Let $m\in L_a^2(\mathbb{R}^n),a>\frac{n}{2}$ and $\lambda>0$. We define the operator:
\begin{align*} T_{\lambda m}:L^2(\mathbb{R}^n)&\rightarrow L^2(\mathbb{R}^n) \\ f&\mapsto T_{\lambda m}(f) \end{align*} where $\widehat{T_{\lambda m}(f)}(\xi)=m(\lambda\xi)\hat{f}(\xi)$. Then $\forall~u:\mathbb{R}^n\to\mathbb{C}$: $$\int_{\mathbb{R}^n}|T_{\lambda m}(f)(\xi)|^2u(\xi)d\xi\leq C\int_{\mathbb{R}^n}|f(\xi)|^2\mathcal{M}u(\xi)d\xi$$ where $C>0$ is a constant which is independent from $u$ and $\lambda$ and $\mathcal{M}$ is the Hardy-Littlewood maximal operator which is defined as: $$\mathcal{M}(f)(x)=\sup_{x\in Q}\frac{1}{|Q|}\int_{Q}|f(\xi)|d\xi$$ where $Q$ is any cube containing $x$, and: $$L_a^2(\mathbb{R}^n)=\lbrace g:L^2(\mathbb{R}^n)\to L^2(\mathbb{R}^n)\mid (1+|\xi|^2)^{a/2}\hat{g}(\xi)\in L^2(\mathbb{R}^n)\rbrace$$

Proof: If $K =\hat{m}$ in then by our hypothesis, $(1 + |x|^2 )^{a/2}K(x) = R(x)\in L^2(\mathbb{R}^n)$ , and the kernel of $T_{\lambda m}$ is $\lambda^{-n}K(\lambda^{-1}x)$. Hence: $$\int_{\mathbb{R}^n}|T_{\lambda m}(f)(\xi)|^2u(\xi)d\xi=\int_{\mathbb{R}^n}\left|\int_{\mathbb{R}^n}\frac{\lambda^{-n} R(\lambda^{-1}(\xi-x))}{(1+\left|\lambda^{-1}(\xi-x)\right|)^{a/2}}f(x)dx\right|^2u(\xi)d\xi\leq$$ $$\leq||m||_{L_a^2}^2\int_{\mathbb{R}^n}\int_{\mathbb{R}^n}\frac{\lambda^{-n}|f(x)|^2}{(1+\left|\lambda^{-1}(\xi-x)\right|)^{a/2}}dx u(\xi)d\xi\leq C_a ||m||_{L_a^2}^2\int_{\mathbb{R}^n}|f(x)|^2Mu(x)dx $$

Honestly I am quite lost with the proof, since it skips many steps and it is hard for me to read it.
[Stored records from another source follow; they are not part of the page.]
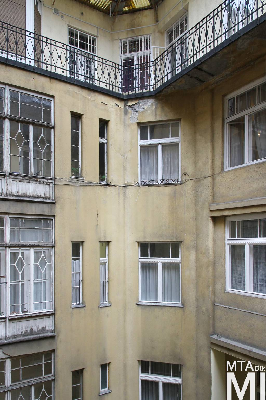 IMG_2464_Alkotmány u. 19_udvar.jpg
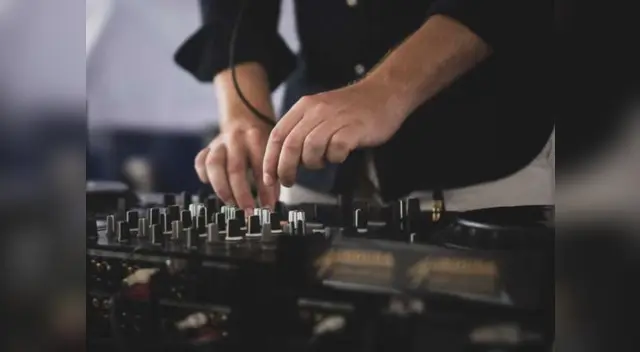 Los intercambios de golpes y palabras se iniciaron, y no hubo quien detenga a todos los presentes.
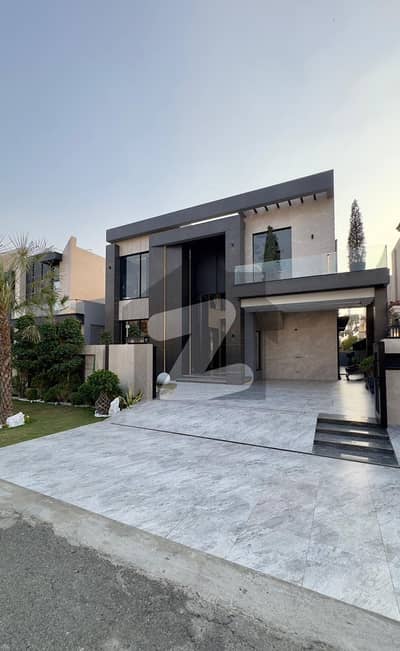 1 kanal ultra modern house for sale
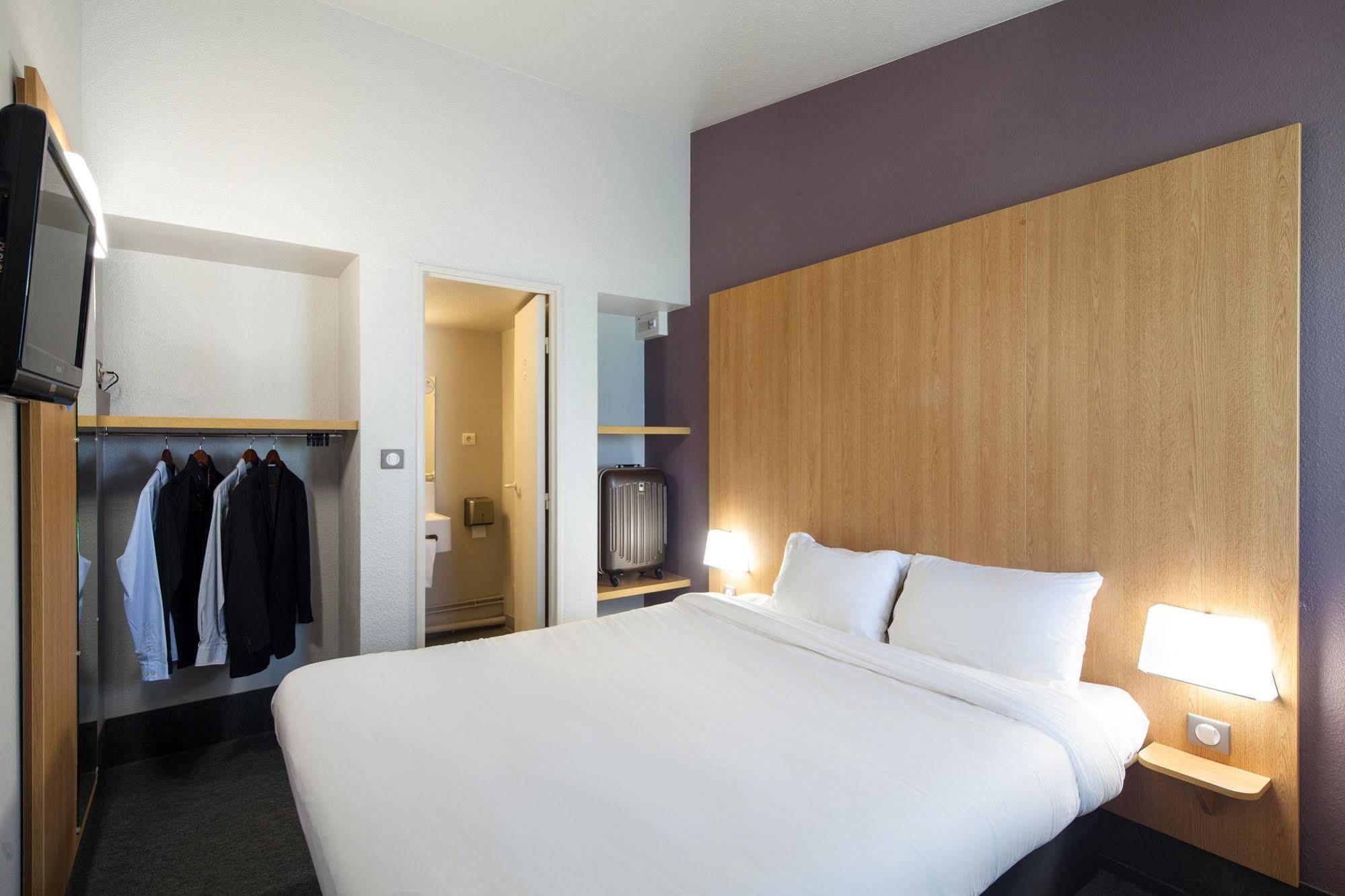 B&B Hotel Troyes Barberey ภายนอก รูปภาพ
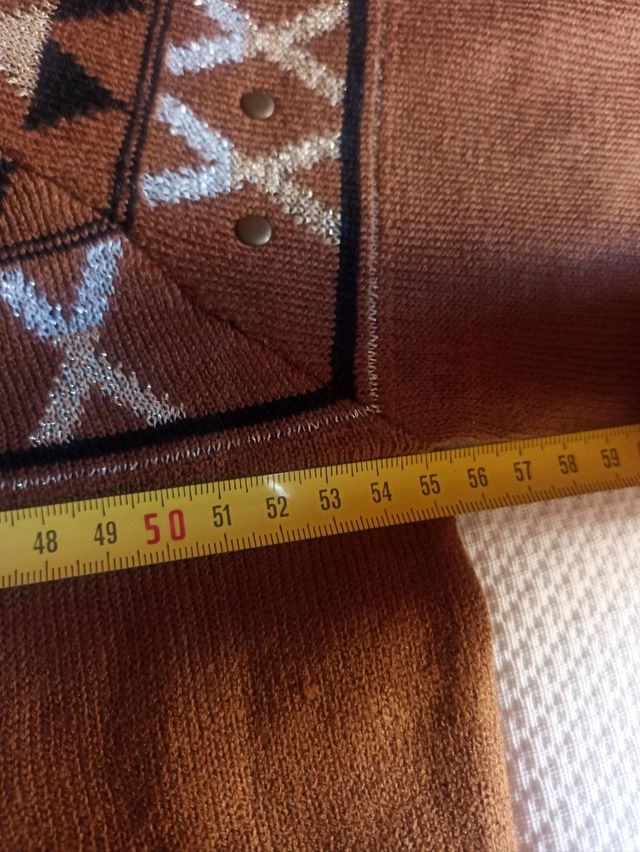 Jersey marrón de Cortefiel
It seems obvious that the first inequality should involve Cauchy-Scwarz and that the second inequality should involve Fubinni, but I am not able to write all the steps, especially the first equality has zero sense for me, since I can't get any of these symbols in my calculations. Sorry if I can't give many thoughts, but I don't have anything better. One of the things that annoys me is that I can't see what is the point of knowing what the kernel of $T_\lambda$ is.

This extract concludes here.